Uma onda de demissões varreu o poder ucraniano, o que, em tempo de guerra, é um mau sinal. Estará Zelensky rodeado de traidores ou quer apenas manter o comando nas mãos?

Ivan Bakanov, comandante do Serviço de Segurança da Ucrânia (SBU), e Iryna Venediktova, procuradora-geral, foram os primeiros elementos do topo da hierarquia do poder ucraniano a serem despedidos dos seus cargos por decisão, influência ou sugestão do Presidente Volodymyr Zelensky. Depois deles, seguiram-se, logo no dia seguinte, em 19 de julho, mais 28 responsáveis dos serviços de segurança – num contexto em que, diz o próprio Presidente ucraniano há 651 casos já em aberto de suspeita de traição e colaboração com a Rússia ou com elementos ligados à Rússia por parte de funcionários do Ministério Público, órgãos de investigação e outras agências judiciais.

Sendo assim, a explicação parece simples: Bakanov não encontrou forma de estancar o surto de traições e Venediktova não foi suficientemente expedita em levar os alegados traidores à barra dos tribunais. Mas, segundo os observadores internacionais, parece haver mais qualquer coisa por trás da inesperada onda de demissões.

“Mexer no topo de uma equipa em tempo de guerra é a última coisa que se deve fazer”, refere o embaixador Francisco Seixas da Costa em declarações ao JE, para recordar que, em geral, estas alterações podem transmitir ao inimigo a sensação de que o poder na Ucrânia está a passar por dificuldades. Zelensky teria tido todo o interesse em ser bem mais discreto.

Além de Bakanov, a estrutura dos SBU foi atingida com a demissão da chefia de cinco extensões regionais da organização e de e um seu vice-chefe. Segundo relatos da imprensa vindos da Ucrânia, as notícias abalaram a política interna do país e, pior, transmitiram à população o aumento da perceção da insegurança em que vivem todos os dias.

Ivan Bakanov, amigo de infância do Presidente, e Iryna Venediktova, ex-conselheira de Zelensky, podem ser a face visível de um problema mais profundo.

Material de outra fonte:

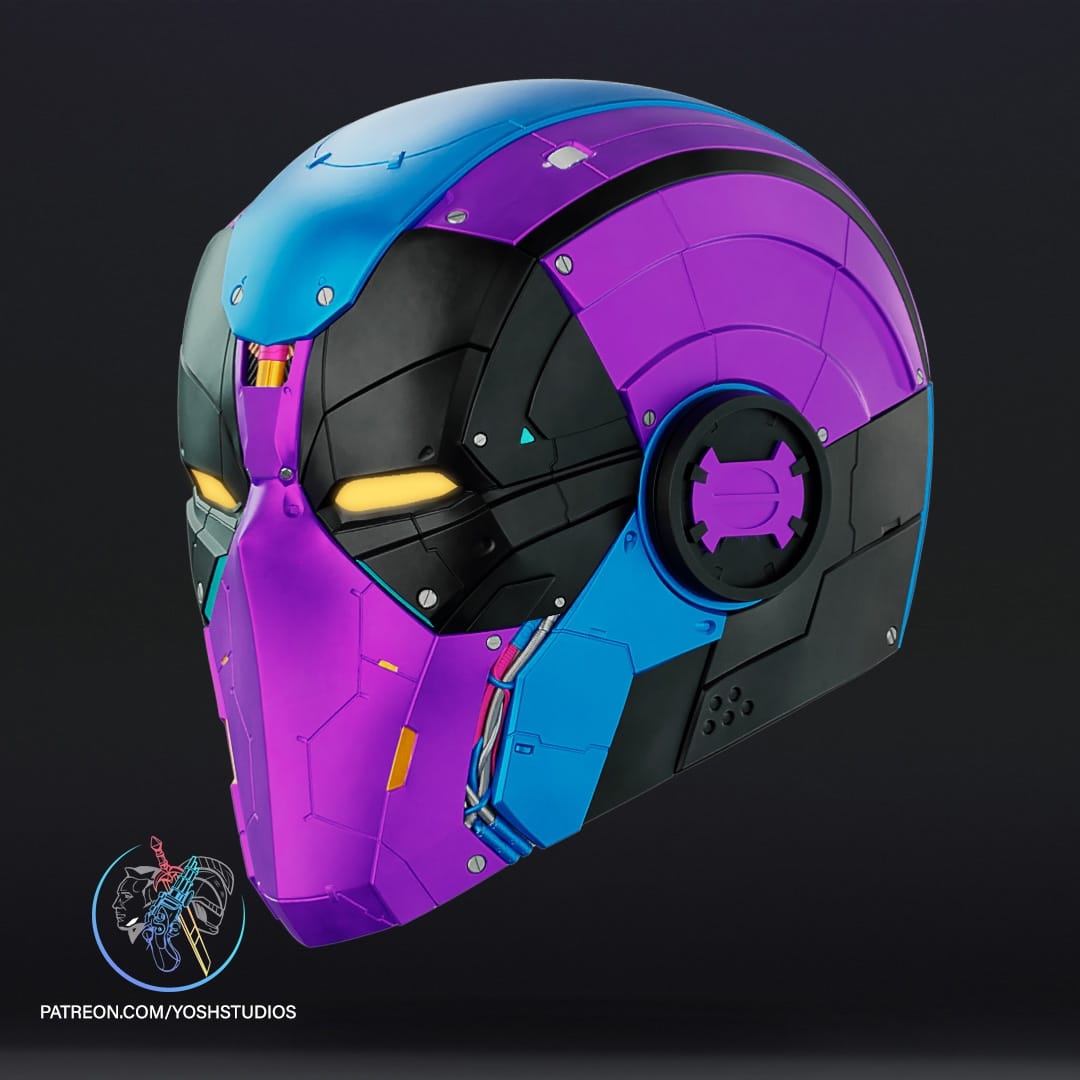 P站图纸印象馆 Yosh 赛博朋克死侍头盔 Yosh 赛博朋克死侍头盔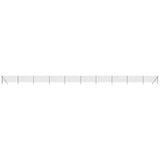 NNEVL Wire Mesh Fence Anthracite 1x25 m Galvanised Steel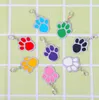 2022 New Dog Paw Alloy Pet Dog Cat ID-kort Taggar Halsband Ornaments Keychain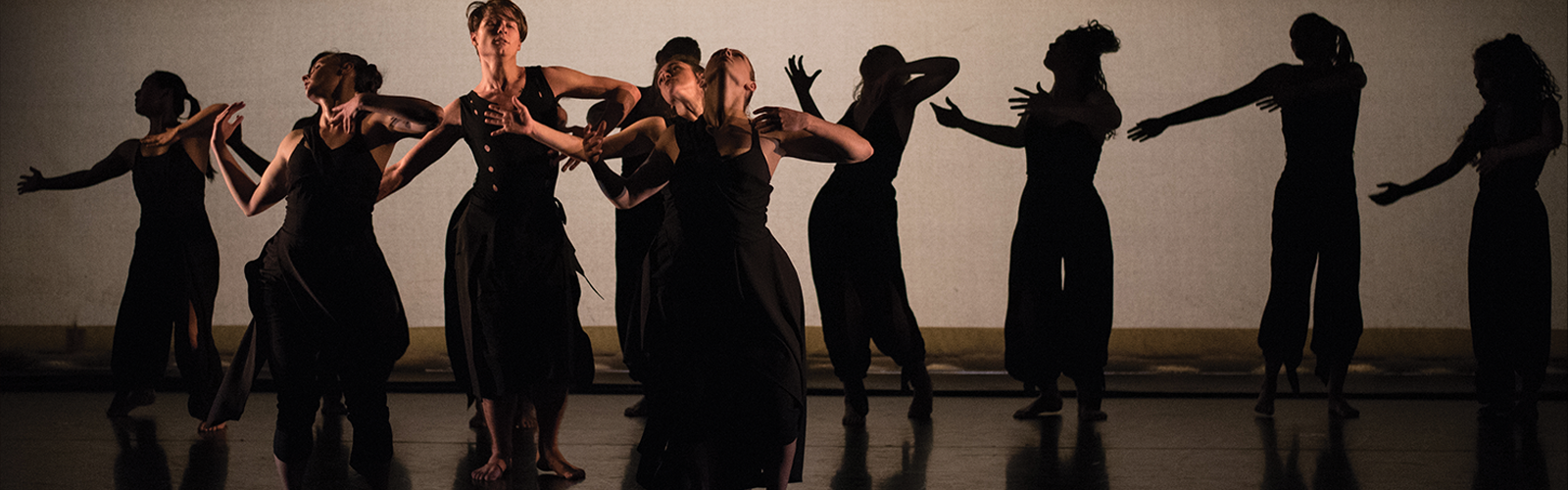 A group of dancers from Christoper Walker's Yallas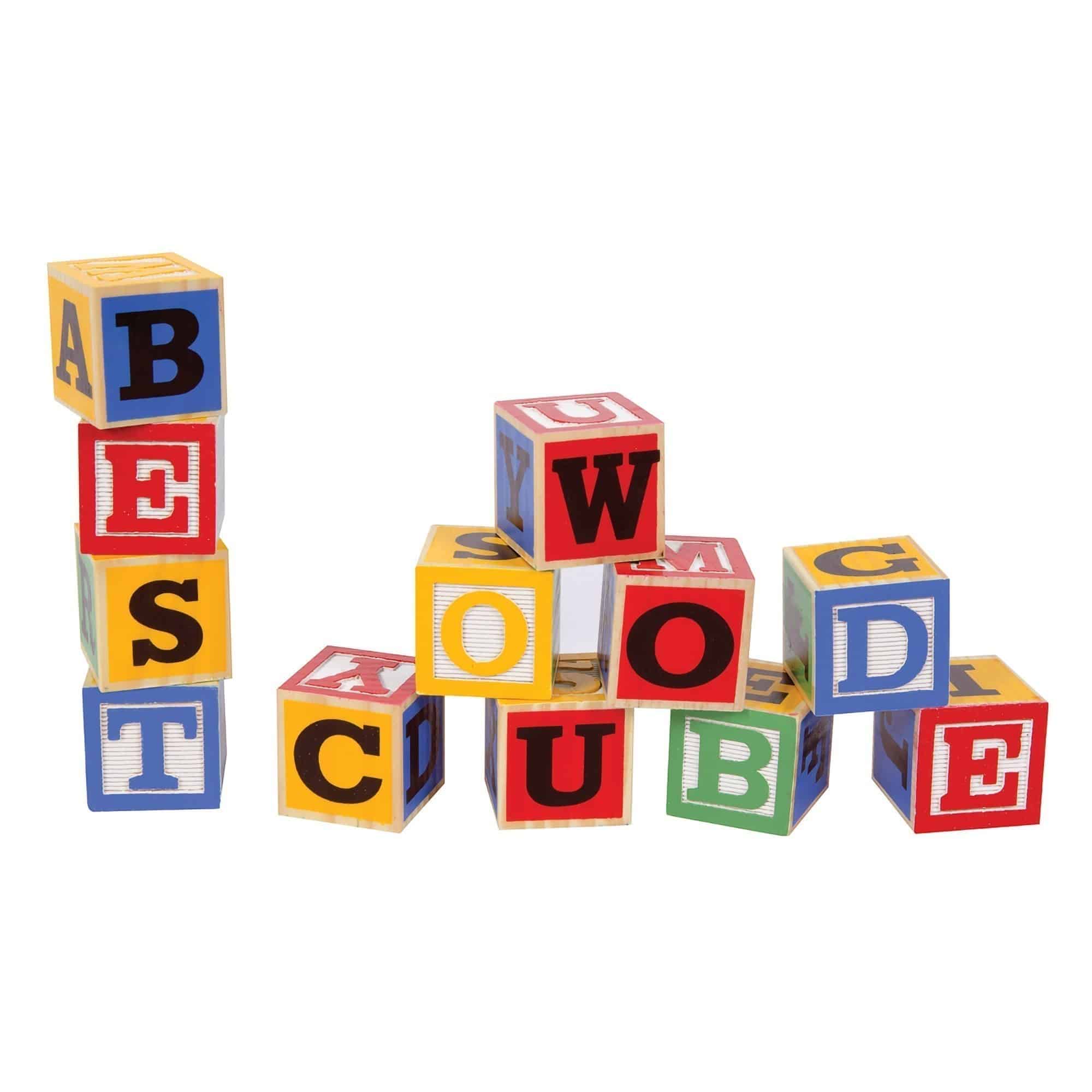 Schylling - Wooden ABC BlocksSchylling - Wooden ABC Blocks - 48 Pieces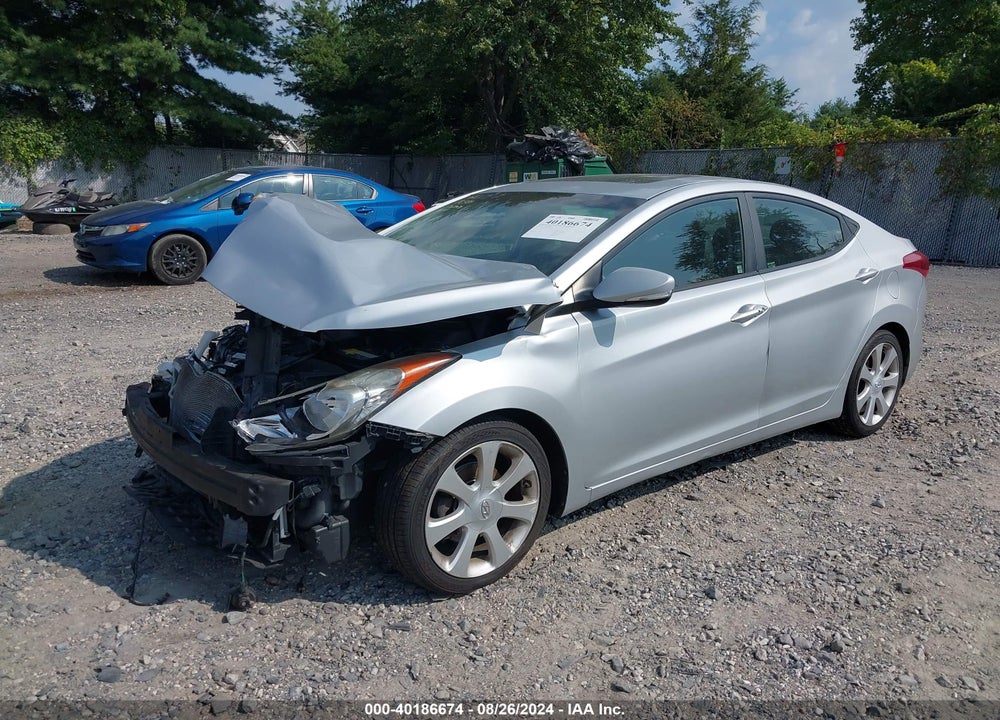 2013 HYUNDAI ELANTRA LIMITED VIN: 5NPDH4AE1DH430124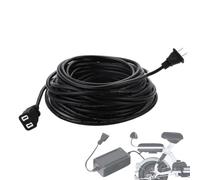 Prolunga esterna nera - Prolunga multifunzione esterna nera a 2 pin, dispositivo flessibile resistente al freddo, collegamento/estensione della catena luminosa interna e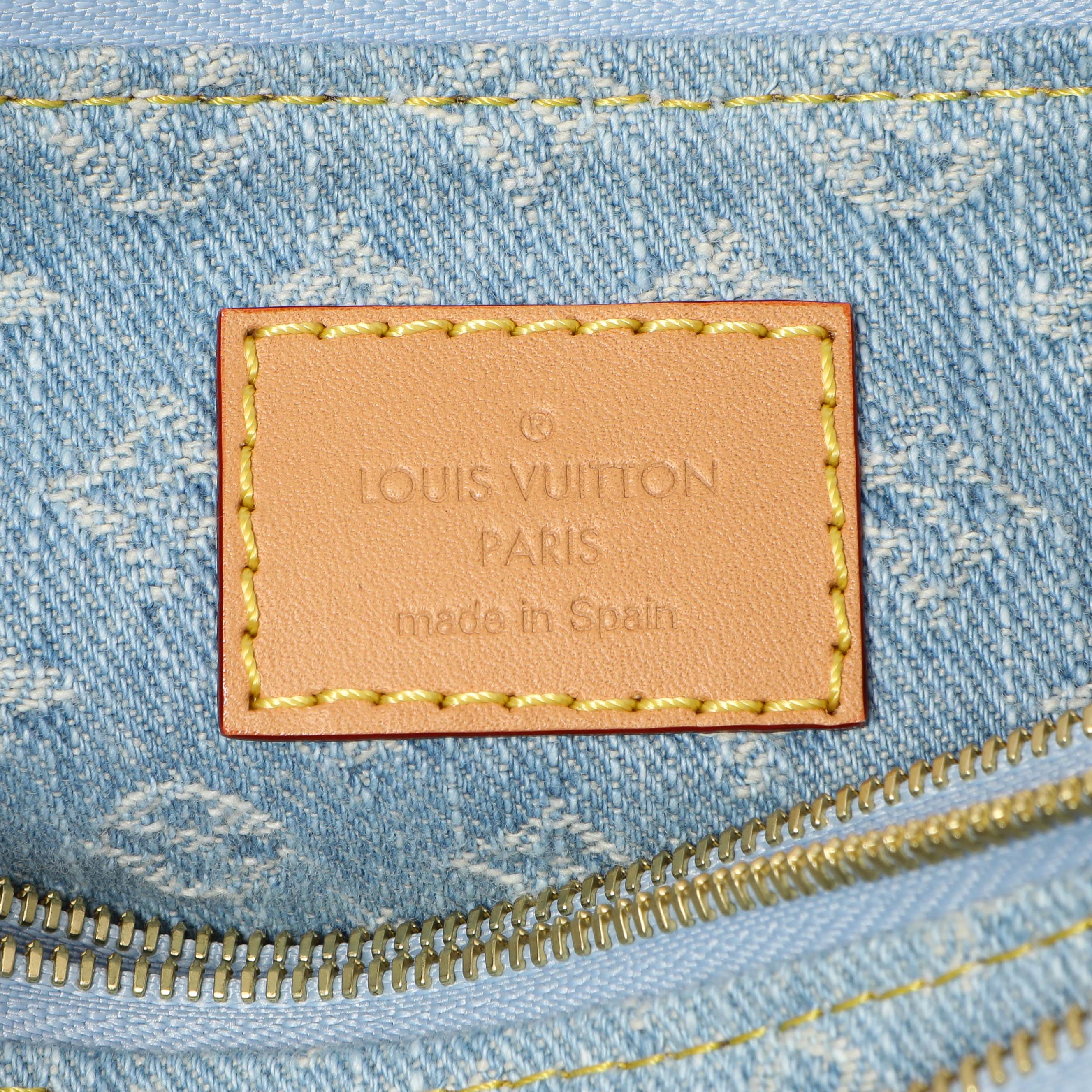 Louis Vuitton Monogram Denim Liv Pochette - Image 6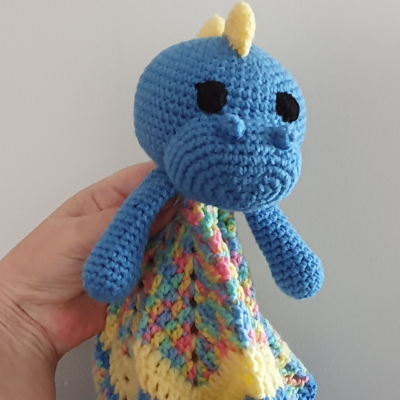 Blue Dino Lovey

Citado pelos jornais, Vitaly Shabunin, presidente do conselho do Centro Anticorrupção da Ucrânia, as demissões conferem o monopólio do poder a uma pessoa: Olge Tatarov, vice-chefe do Gabinete do Presidente. “A verdadeira razão da demissão de Bakanov e de Venediktova é a entrega da procuradoria-geral e dos serviços de segurança a Oleg Tatarov”, refere, citado por vários jornais.

Mas nem todos têm a mesma opinião, segundo as mesmas fontes, o jornalista e analista militar Yuriy Butusov diz que as demissões são um sinal da concentração de poderes nas mãos do chefe do Gabinete do Presidente, Andriy Yermak.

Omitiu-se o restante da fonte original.